Data Exploration¶
Data exploration focuses on identifying useful, noisy, or problematic samples while training.
Core ideas¶
Wrap your dataset/dataloader so sample IDs are tracked.
Annotate data with tags.
Temporarily discard problematic samples.
Query subsets for review or targeted retraining.
Minimal example¶
import weightslab as wl
train_loader = wl.watch_or_edit(
train_dataset,
flag="data",
loader_name="train_loader",
batch_size=16,
shuffle=True,
compute_hash=True,
)
wl.tag_samples([10, 42, 77], "hard_examples", mode="add")
wl.discard_samples([5, 9], discarded=True)
hard_ids = wl.get_samples_by_tag("hard_examples", origin="train")

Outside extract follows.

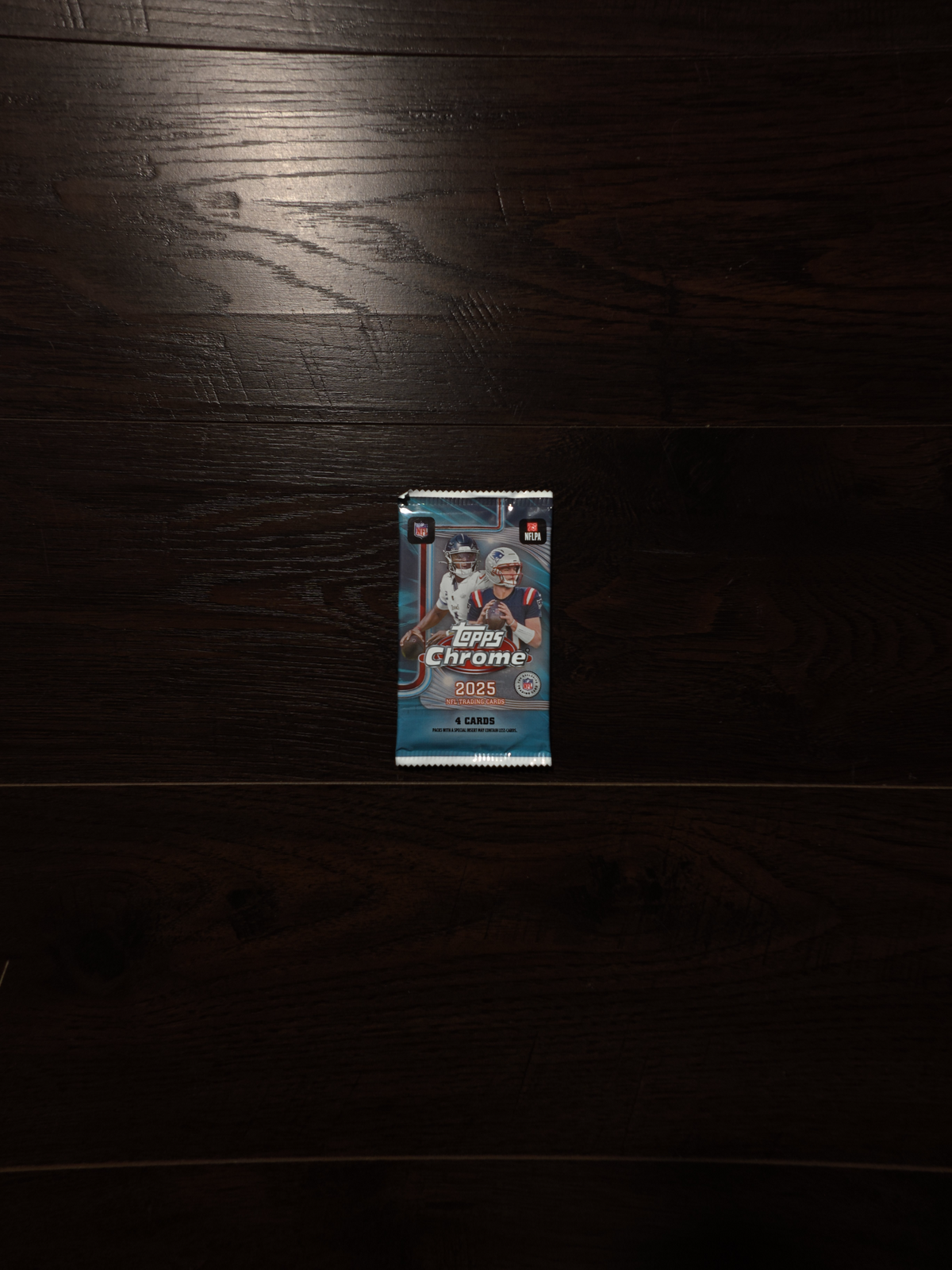 2025 Topps Chrome Football 4-Card Pack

discarded_ids = wl.get_discarded_samples(origin="train")
Workflow pattern¶
flowchart TD
A[Run Training] --> B[Inspect Signals]
B --> C{Sample Quality?}
C -- Poor --> D[Tag / Discard]
C -- Good --> E[Keep]
D --> F[Retrain]
E --> F
Recommendations¶
Start with a small tag vocabulary (for example:
hard_examples,noisy_label).Keep discard operations reversible by tracking them in your experiment notes.
Re-evaluate discarded sets periodically after model improvements.